* TASK INSTRUCTIONS *
Wherever an image appears in the data, omit it and copy all the remaining text word for word.

* GIVEN MATERIAL *
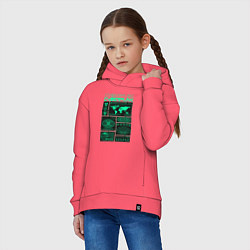 Толстовка оверсайз детская Cyberpunk streetwear, цвет: коралловый — фото 2
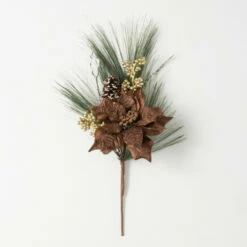 Promo 🔔 Sullivans 23" Artificial Brown Poinsettia Pick 😍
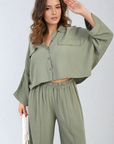 Oversized Long Sleeve Crop Top and Wide Leg Trouser Co-ord Set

* FINISHED TASK *
 Толстовка оверсайз детская Cyberpunk streetwear, цвет: коралловый — фото 2
 Promo 🔔 Sullivans 23" Artificial Brown Poinsettia Pick 😍
 Oversized Long Sleeve Crop Top and Wide Leg Trouser Co-ord Set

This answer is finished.